The most lethal type of skin cancer known to man is Amelanotic/hypomelanotic Melanoma (AHM). Its clinical manifestation is non-specific, and hence diagnosis is difficult. Dermoscopy and RMC (Reflectance Confocal Microscopy) are effectively used as non-invasive methods to diagnose skin lesions. This study is a systematic investigation of these diagnostic techniques.

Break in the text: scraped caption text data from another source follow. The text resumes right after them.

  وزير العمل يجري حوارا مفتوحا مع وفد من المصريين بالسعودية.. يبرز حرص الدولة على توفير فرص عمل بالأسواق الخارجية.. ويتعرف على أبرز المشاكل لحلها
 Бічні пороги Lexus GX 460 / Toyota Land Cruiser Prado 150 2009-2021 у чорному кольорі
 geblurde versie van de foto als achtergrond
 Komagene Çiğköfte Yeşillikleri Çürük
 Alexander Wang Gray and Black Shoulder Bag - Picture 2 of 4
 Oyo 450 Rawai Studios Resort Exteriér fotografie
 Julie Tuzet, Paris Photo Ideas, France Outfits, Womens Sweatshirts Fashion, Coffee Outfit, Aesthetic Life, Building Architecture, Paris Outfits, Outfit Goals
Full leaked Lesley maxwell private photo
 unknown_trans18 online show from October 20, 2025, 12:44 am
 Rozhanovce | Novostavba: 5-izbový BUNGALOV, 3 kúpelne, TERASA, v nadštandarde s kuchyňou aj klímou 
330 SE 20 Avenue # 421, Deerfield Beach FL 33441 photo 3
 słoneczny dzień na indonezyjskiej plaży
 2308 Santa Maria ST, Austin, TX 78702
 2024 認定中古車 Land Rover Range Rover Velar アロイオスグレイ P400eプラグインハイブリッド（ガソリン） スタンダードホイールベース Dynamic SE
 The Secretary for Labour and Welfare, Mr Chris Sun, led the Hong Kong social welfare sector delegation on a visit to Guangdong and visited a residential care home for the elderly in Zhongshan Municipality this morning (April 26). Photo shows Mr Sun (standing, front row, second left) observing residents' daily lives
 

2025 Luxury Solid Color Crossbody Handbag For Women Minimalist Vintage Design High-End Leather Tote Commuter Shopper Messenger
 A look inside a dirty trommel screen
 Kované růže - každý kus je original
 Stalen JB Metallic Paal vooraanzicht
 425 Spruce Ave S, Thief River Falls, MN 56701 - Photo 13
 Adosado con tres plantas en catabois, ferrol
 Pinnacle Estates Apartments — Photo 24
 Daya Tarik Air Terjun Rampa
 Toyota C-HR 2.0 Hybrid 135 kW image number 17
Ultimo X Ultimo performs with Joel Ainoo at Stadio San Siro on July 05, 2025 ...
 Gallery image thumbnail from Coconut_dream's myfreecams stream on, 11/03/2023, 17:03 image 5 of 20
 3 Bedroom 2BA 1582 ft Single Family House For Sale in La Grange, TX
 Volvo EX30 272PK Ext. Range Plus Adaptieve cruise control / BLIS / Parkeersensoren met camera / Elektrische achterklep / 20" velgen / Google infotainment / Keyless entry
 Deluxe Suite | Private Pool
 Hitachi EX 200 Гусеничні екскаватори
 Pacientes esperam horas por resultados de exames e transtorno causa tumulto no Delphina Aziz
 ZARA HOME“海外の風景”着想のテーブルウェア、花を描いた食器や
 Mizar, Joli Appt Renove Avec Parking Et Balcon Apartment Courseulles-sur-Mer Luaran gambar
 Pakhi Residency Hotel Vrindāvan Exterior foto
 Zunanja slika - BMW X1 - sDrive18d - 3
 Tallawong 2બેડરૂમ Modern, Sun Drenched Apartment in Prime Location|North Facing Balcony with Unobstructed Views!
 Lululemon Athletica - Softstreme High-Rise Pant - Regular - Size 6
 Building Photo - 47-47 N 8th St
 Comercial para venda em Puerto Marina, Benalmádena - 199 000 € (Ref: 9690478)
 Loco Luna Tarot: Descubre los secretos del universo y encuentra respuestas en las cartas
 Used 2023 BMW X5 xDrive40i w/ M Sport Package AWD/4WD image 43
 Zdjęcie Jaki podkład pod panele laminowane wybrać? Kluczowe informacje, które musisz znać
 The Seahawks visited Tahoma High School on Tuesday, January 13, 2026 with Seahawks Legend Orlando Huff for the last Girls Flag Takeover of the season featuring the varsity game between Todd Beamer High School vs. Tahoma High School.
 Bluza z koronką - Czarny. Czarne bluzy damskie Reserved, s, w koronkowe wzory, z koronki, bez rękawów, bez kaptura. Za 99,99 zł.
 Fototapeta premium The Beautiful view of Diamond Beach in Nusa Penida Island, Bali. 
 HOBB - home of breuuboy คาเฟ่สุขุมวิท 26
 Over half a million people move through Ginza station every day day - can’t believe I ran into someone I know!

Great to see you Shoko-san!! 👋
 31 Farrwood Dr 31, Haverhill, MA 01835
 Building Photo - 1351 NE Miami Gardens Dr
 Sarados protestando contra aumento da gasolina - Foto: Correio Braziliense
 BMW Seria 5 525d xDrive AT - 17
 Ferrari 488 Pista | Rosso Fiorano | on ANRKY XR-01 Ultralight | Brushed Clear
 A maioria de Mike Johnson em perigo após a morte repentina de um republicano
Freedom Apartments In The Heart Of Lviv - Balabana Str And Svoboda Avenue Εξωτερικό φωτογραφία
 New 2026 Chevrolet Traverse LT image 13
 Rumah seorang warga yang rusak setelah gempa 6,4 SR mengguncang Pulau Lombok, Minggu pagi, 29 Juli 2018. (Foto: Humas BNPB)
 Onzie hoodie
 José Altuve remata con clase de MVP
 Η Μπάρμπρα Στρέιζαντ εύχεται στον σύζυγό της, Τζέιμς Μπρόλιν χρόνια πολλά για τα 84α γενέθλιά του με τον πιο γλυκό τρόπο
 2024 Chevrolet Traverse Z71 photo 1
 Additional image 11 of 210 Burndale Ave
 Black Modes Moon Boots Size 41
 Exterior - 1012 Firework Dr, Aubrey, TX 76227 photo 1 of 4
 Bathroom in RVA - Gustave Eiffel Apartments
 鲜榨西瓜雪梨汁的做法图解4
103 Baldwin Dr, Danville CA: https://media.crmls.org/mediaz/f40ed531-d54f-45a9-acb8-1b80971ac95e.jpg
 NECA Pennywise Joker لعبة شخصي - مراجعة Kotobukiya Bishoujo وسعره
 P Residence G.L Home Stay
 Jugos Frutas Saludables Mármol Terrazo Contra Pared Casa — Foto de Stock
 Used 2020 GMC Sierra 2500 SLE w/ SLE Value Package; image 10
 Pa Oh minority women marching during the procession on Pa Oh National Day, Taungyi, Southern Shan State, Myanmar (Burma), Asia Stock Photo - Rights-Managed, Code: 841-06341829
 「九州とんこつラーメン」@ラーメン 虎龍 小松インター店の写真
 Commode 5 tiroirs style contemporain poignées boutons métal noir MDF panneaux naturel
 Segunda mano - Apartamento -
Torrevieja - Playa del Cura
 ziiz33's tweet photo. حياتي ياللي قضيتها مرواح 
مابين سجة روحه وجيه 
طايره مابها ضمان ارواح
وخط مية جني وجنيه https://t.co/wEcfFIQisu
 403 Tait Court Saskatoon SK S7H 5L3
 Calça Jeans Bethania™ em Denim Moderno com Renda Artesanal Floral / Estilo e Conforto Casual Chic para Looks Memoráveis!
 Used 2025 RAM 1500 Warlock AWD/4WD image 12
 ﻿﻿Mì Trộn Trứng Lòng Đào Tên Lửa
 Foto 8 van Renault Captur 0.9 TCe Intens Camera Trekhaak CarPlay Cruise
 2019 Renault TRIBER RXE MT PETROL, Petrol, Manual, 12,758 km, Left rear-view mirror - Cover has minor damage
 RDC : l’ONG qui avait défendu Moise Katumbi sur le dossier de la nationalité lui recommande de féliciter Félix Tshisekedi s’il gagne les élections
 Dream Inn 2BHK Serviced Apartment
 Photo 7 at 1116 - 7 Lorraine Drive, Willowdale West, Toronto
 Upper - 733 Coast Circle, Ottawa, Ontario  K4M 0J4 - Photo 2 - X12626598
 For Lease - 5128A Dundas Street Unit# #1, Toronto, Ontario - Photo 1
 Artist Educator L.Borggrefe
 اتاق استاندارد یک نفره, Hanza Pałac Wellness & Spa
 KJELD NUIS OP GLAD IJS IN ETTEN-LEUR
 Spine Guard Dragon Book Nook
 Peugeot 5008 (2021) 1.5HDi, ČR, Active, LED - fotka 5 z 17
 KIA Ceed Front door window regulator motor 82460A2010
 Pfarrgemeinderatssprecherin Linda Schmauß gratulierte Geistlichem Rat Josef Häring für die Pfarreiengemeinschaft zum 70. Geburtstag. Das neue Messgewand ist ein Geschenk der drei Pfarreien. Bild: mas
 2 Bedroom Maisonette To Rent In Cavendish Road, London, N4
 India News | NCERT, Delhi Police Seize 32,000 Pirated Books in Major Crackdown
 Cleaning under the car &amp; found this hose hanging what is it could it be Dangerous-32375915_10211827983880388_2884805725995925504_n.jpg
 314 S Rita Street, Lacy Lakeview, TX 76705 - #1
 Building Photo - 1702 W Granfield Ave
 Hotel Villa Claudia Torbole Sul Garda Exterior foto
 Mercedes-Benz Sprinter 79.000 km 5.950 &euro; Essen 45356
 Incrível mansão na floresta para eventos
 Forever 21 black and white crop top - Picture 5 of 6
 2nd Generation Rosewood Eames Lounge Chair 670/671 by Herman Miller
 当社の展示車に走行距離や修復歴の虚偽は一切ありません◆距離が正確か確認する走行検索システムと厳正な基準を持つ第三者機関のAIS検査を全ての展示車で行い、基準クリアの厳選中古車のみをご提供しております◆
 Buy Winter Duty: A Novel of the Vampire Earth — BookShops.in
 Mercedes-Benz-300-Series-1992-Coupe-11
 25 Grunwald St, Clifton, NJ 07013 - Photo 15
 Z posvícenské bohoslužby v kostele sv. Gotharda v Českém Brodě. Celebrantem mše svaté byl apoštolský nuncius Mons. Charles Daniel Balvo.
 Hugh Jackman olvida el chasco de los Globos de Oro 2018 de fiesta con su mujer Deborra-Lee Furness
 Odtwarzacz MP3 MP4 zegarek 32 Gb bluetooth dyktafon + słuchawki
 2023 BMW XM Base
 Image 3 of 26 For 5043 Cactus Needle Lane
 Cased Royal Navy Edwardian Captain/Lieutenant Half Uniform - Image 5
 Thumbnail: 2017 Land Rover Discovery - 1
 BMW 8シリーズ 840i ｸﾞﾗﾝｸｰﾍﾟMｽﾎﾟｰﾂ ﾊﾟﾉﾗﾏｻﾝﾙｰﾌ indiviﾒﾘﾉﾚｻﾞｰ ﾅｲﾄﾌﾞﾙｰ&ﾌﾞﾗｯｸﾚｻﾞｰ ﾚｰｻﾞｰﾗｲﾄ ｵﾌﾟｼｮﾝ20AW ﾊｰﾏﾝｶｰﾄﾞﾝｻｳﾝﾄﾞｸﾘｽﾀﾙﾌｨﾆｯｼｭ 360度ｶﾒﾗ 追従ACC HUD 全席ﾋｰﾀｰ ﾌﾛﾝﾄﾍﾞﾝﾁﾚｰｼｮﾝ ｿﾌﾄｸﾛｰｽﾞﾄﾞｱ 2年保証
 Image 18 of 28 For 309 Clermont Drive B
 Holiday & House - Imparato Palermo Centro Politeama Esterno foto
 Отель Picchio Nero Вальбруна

The study determines the accuracy of dermoscopy and RCM systematically. By comparing the two methods, it becomes possible to ascertain their relative value. Eligible cases from several databases are the population for this set of studies. Test sensitivity is the capability of a given test to identify the condition accurately. The researchers used sensitivity analyses to explore the different diagnosis methods. For analysis, this method uses the random effects model in Stata 14, RevMan 5.3, Meta-DiSc, and SAS 9.4 to calculate the pooled results.

The method includes seven studies on a total of 1111 lesions. Dermoscopy showed a pooled sensitivity of 61%, while its specificity was 90%. In comparison, RCM sensitivity was 67%, with specificity at 89%. The model used three studies to ascertain relative diagnostic odds of RCM over dermoscopy. The outcome was 4.69 for a confidence interval of 95% with P = 0.068.

Both dermoscopy and RCM were moderately sensitive, highly specific diagnostic methods for AHM. RCM is more accurate than dermoscopy, but the comparison is not concrete.